December 11, 2009 · 2 Comments

My job as executive editor at nGenera Insight involves doing a lot of research about new business models and start-ups tied to the Web 2.0. Over the next few weeks, I’m going to be sharing a high level overview of some of the work I’ve been doing recently. Today I’m going to start by talking about the story we see emerging from a little company called The Hipstery.

The idea behind The Hipstery is simple. Instead of offering a bunch of t-shirts for customers to pick from, the company invites customers to fill in a survey. They then take these results, apply an “innovative style algorithm technology” to them, and select a t-shirt that seems to suit the customer. Think of it as a way to surprise yourself with a gift.

We’re cautious not to overstate what The Hipstery is actually doing here – the humorous tone of the site makes it appear that the algorithm might be part of a joke. But there’s no reason it need to be. We think the idea behind it points towards an interesting opportunity popping up all over the web.

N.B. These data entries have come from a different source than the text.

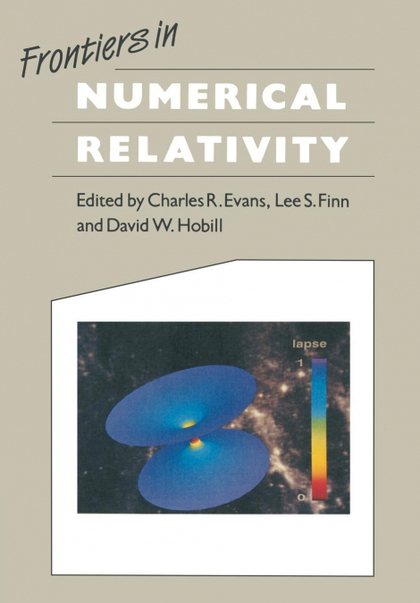 FRONTIERS IN NUMERICAL RELATIVITY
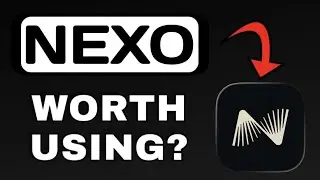 ОБЗОР ПРИЛОЖЕНИЯ NEXO &mdash; СТОИТ ЛИ ИСПОЛЬЗОВАТЬ? (ОБЪЯСНЕНИЕ)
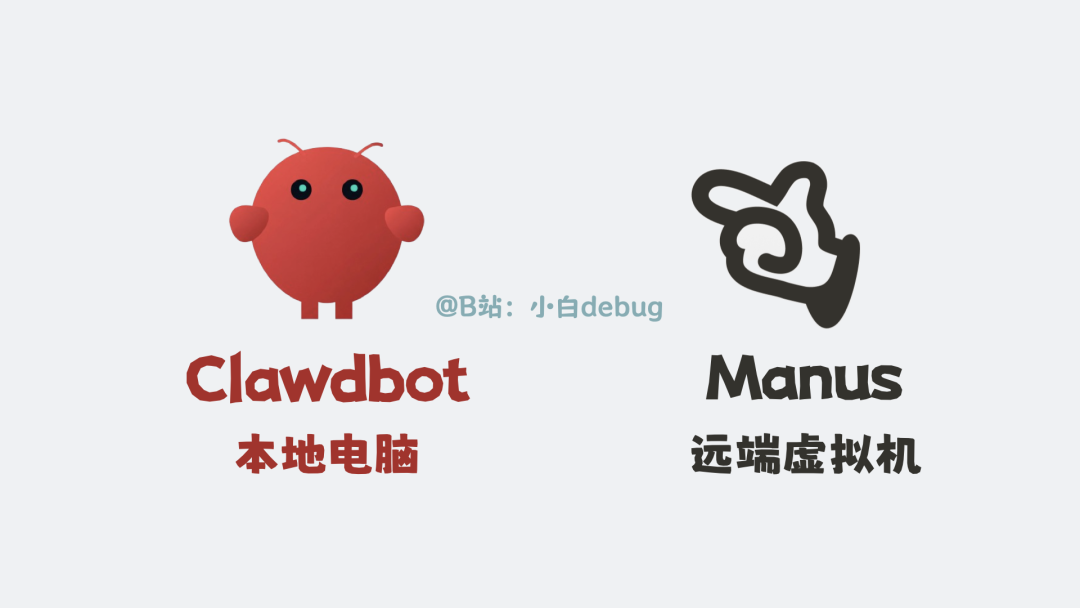 OpenClaw类似于本地版的manus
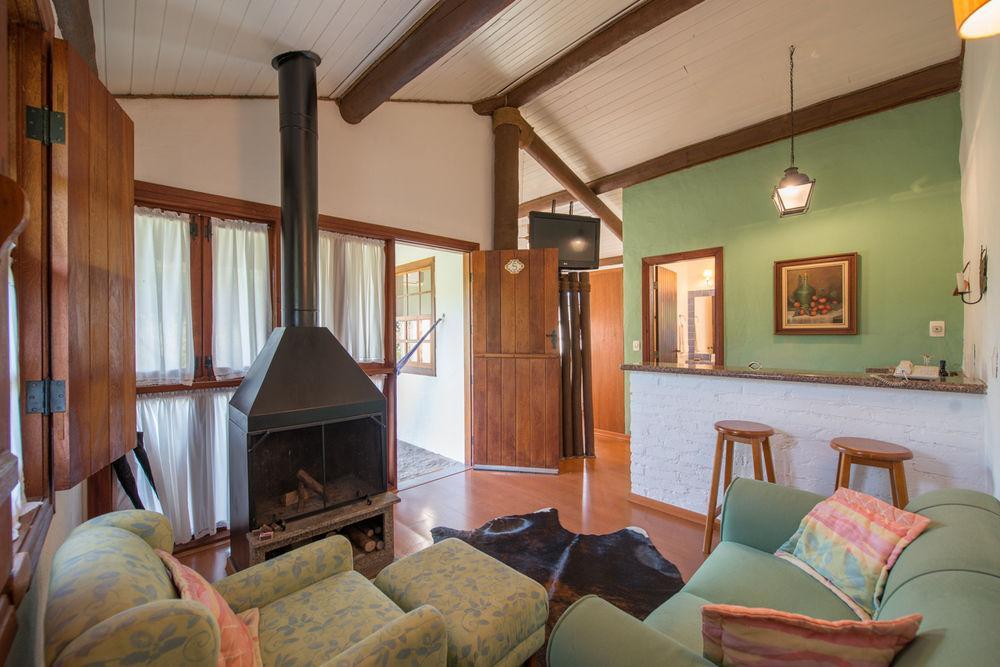 Hotel Fazenda Capoava Cabreúva Kültér fotó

Without getting into the details of the framework (which is where the Johari Window, among other things, comes in), the idea is to create “blind spot” – things you can no about your customers, but they don’t know about themselves – and capitalize on them. Doing so requires data, and analytical capability. We’ve already seen this happen in online dating – while sites like Facebook offered certain advantages over services like Match.com, it’s eHarmony that captured the blind spot opportunity (and found a business model). If you squint a bit, you can make the argument that The Hipstery model is to Threadless in the clothing industry what eHarmony is to Facebook in online dating.

There’s of course much more to the story than that. But the overall message is that The Hipstery is a very interesting company to check out, and many organizations should consider looking for their own “blind spot” opportunities to exploit.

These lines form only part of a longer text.